Fantastic post! Your breakdown of the 22 things we might have learned from the Google search leak is incredibly insightful. It’s fascinating to get a rare peek behind the curtain of the world’s biggest search engine. Thanks for sharing these valuable insights and helping us understand the intricacies of Google’s algorithms!
This is really awesome blog!
Thank you!
Incredible insights as always! Your expertise shines through in every post, making it a pleasure to read. Looking forward to more enlightening content!
If you enjoyed this post, I think you’d like this one too, about the Google leak: https://www.searchlogistics.com/learn/seo/algorithm/leaked-google-docs-bust-seo-myths/
While I don’t require your services now, I love reading your articles, Matthew. I’d like to add some of my experience to the mix.
Whenever I create a landing page that “works” and advertise it through Google Ads, the search volume increases until the “works” effect diminishes.
Example: A flower shop Valentine’s Day promotion. It went live 5 days before Valentine’s Day. It worked so well that the shop sold out 2 days before the day. It took 24 hours of Conversions reported to GA and GAds to trigger a glut of Google Search Traffic. Once the conversions dropped because the shop sold out, the search traffic dropped off the cliff. No SEO was done for that offer.
Note: I do digital ads and I create dedicated landing pages. I do that to separate Ads from SEO traffic and focus more on the offer. The pages are most of the time not accessible through the website menu.
My clients often allow us to replace a more “generic” page on the website with these landing pages. The original LP then gets a canonical pointing to the URL on the website.
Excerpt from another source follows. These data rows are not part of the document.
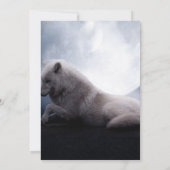 『荒野の王狼』 招待状 (裏面)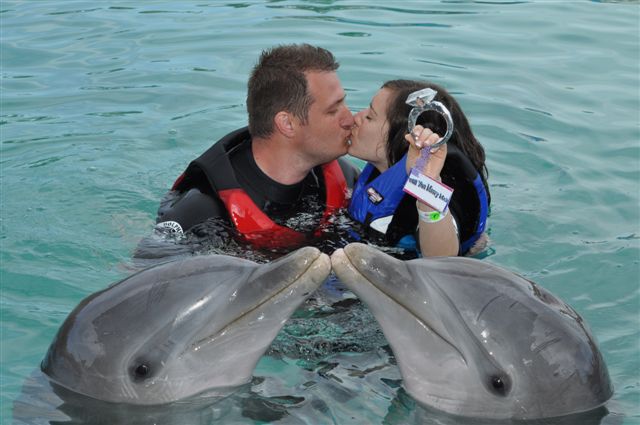 A very special engagement at Dolphin Encounters (photo credit to David Beckstead).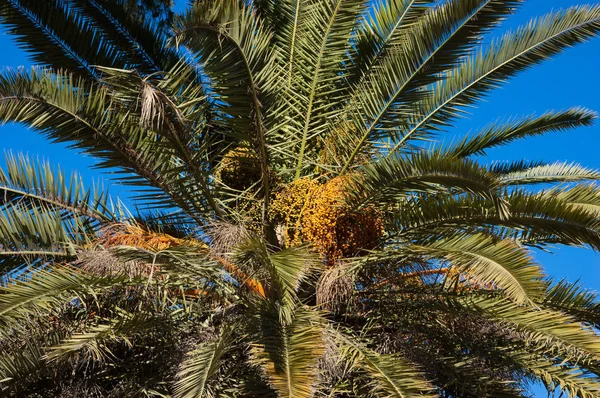 Date palm tree with fruits against blue sky.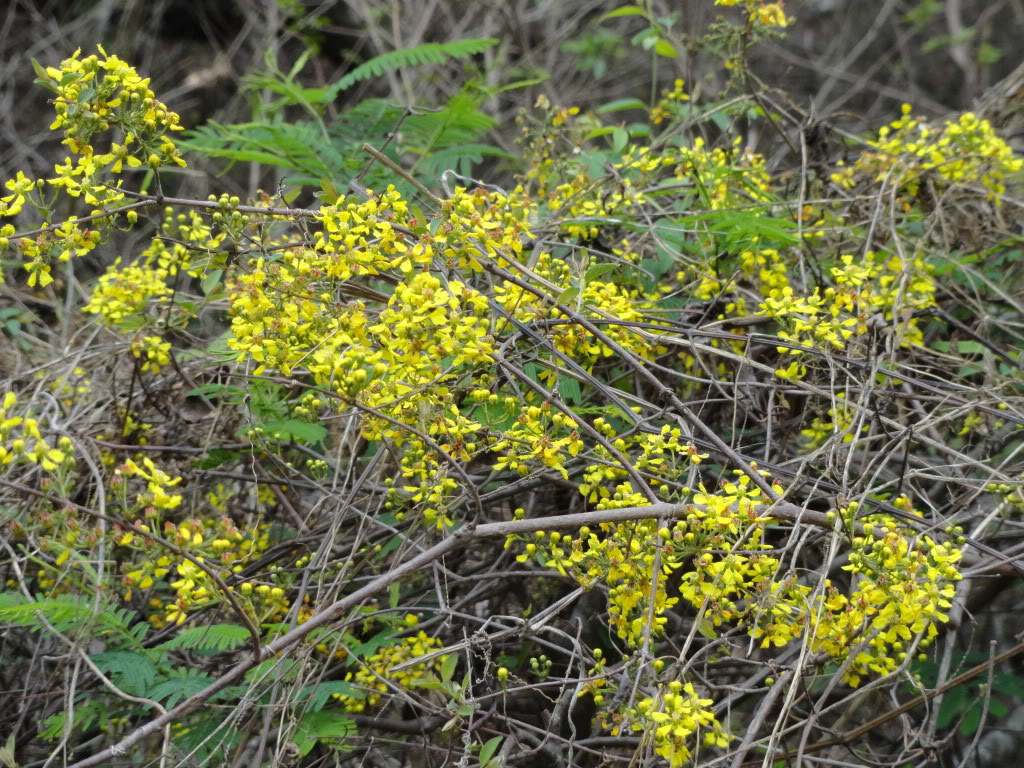 DSC006891.jpg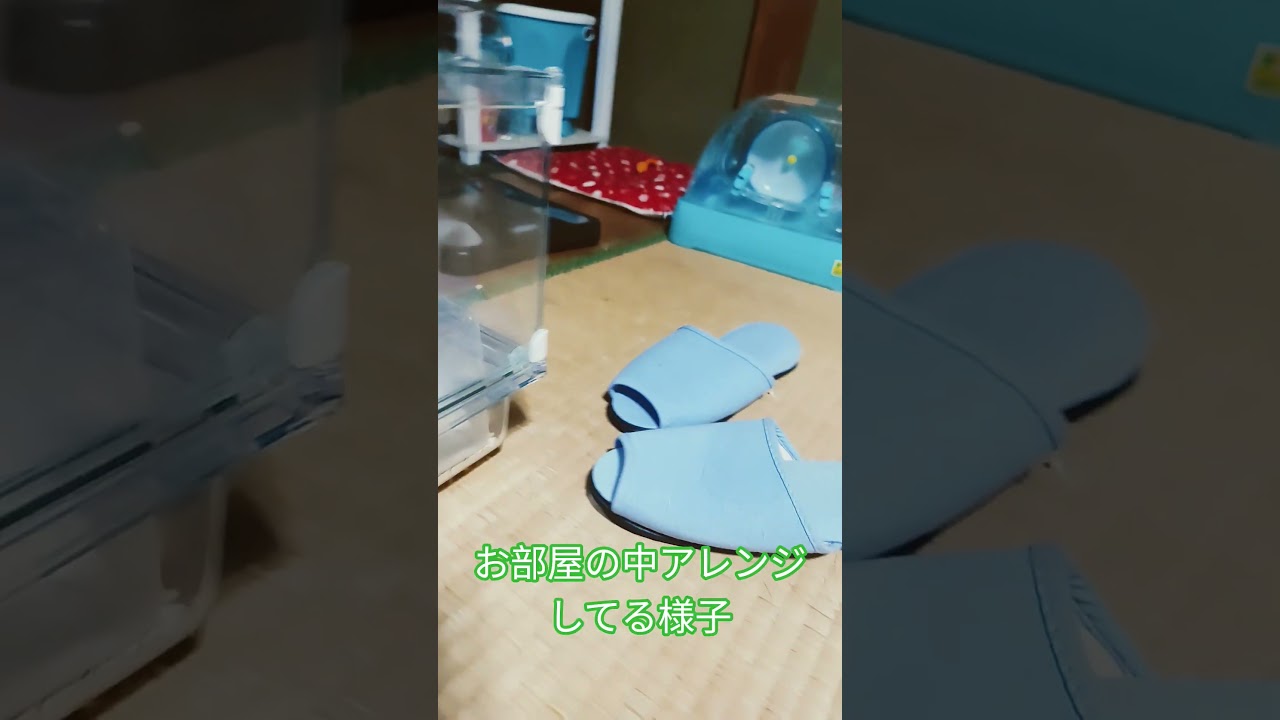 お尻が可愛い#ハムスター#hamster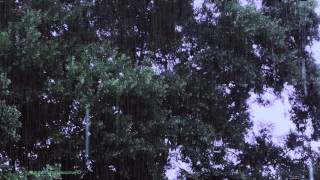 lluvia ultra relajante para dormir Dormir profundo Lluvia Sonidos 30 minutos [upl. by Neelahs]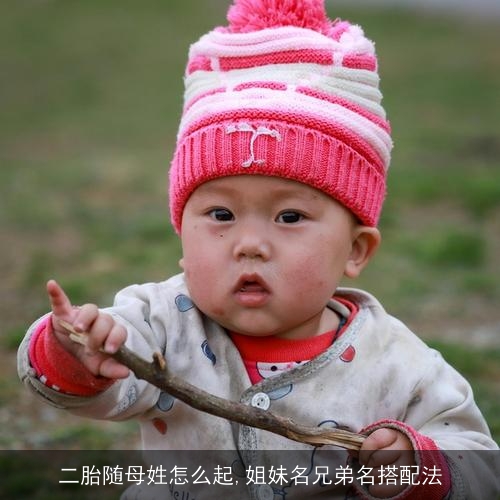 二胎随母姓怎么起,姐妹名兄弟名搭配法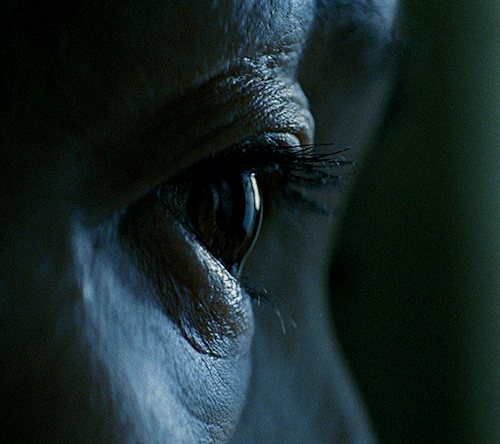 samaraweaving:They got the right guy. MOTHER (2009) dir. Bong Joon-ho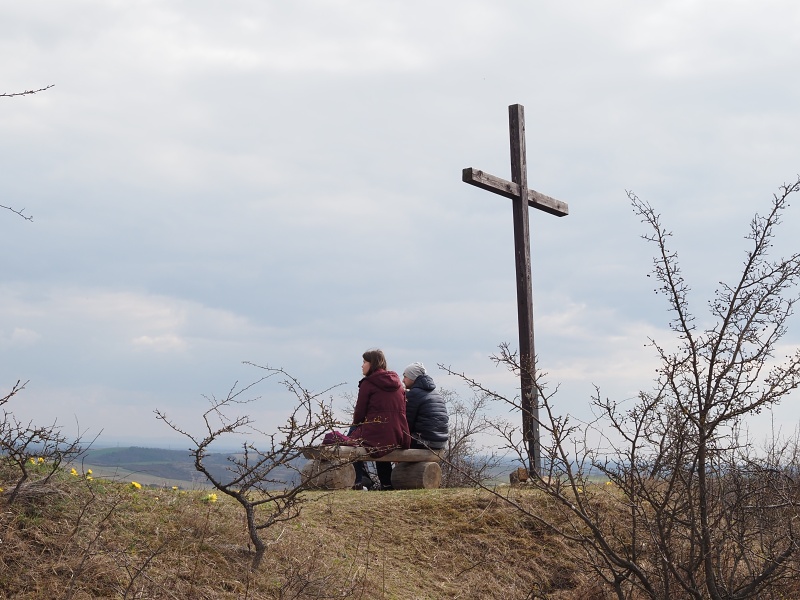 Kamenný vrch, hlaváček jarní
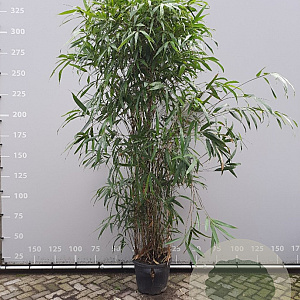 Pseudosasa japonica 250-300 cm 35L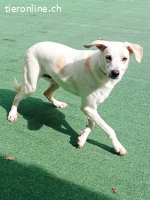 Ein Begleiter fürs Leben sehnt sich nach Familienwärme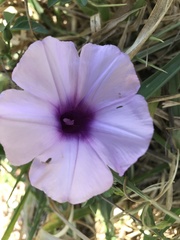 Ipomoea cairica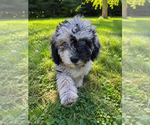 Small #21 Cavapoo (Miniature)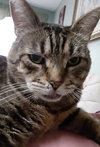 OSCAR - Offered by Owner - FIV +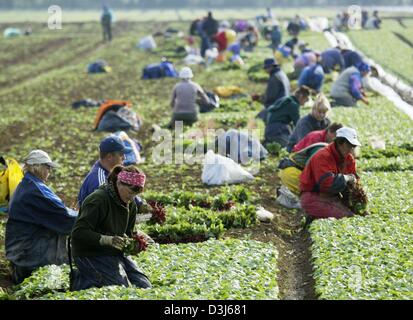 (Afp) - la récolte de l'Europe de l'est ferme sur un champ de radis à Mutterstadt, Allemagne, 27 avril 2004. Chaque année, un grand nombre de travailleurs agricoles de l'Europe orientale, principalement la Pologne, venir en Allemagne pour travailler dans les fermes pendant la saison des récoltes. Radis à côté de divers autres légumes sont récoltés au printemps. Banque D'Images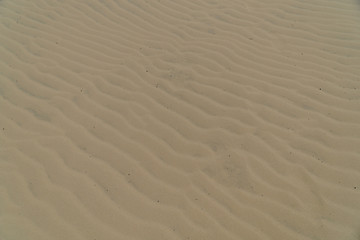 Fototapeta na wymiar Struktur von Wellen in Wüstensand Sandstrand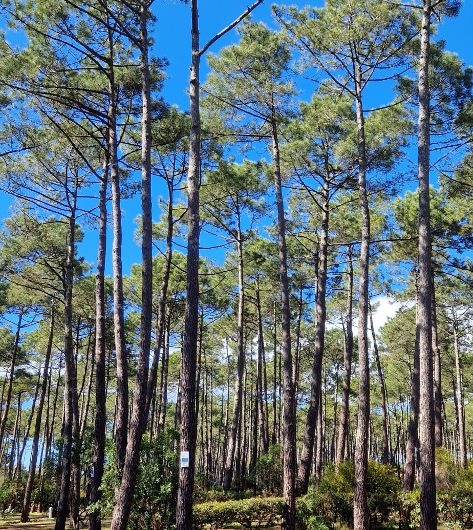 LIT-CampingCap_Camping_Cap_03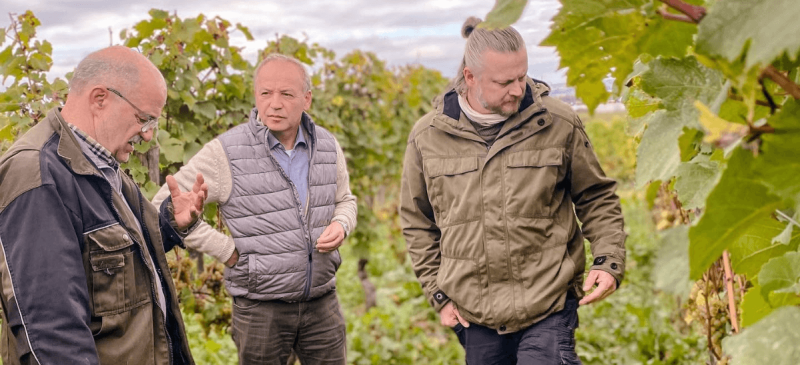 Photo for: How Schloss Vollrads Kabinett Riesling Won Riesling of the Year at the 2026 Sommeliers Choice Awards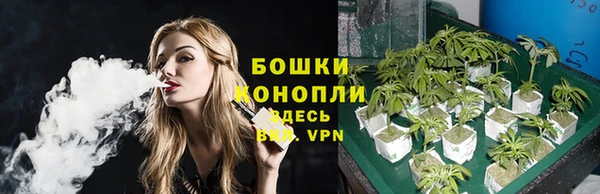 СК Бронницы
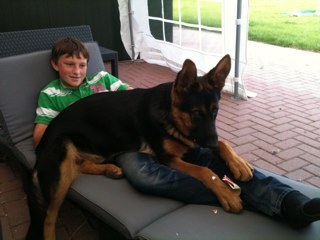 ton33636638's profile picture. Ajax4live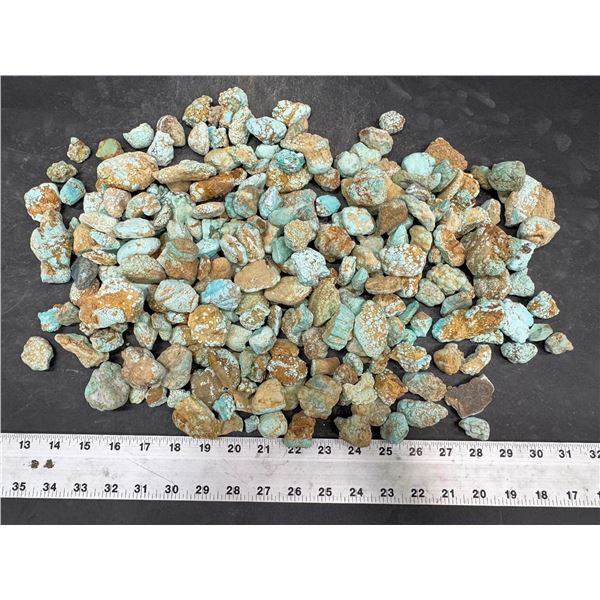 Turquoise - No. 8 Mine Nevada, Oxidized Nuggets [193060]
The effect on search traffic is obvious.
That’s why my main focus is conversion optimisation first, no matter what. And I bug the SEO team a lot with reports on non-performing (<5% conversion rate) pages. And I make sure that Google can measure what happens on the website as well as possible (Google Consent Mode V2, e.g.).
This was an amazing read, Matthew. I loved how you provided practical suggestions after explaining each of the 22 points. Heading to share this jewel on Twitter.
Thanks, Dhruvir
This is really the best article about the Google Search Leaks. You gained a new Email follower 😄
The SEO challenge is one thing I must try!
Thanks, I really appreciate it!
I’ve seen bits and pieces on other places, but this was the best one that collect most important ones in a nice manner. Thanks!
Glad it was helpful!
Thanks you for such a thorough report on that.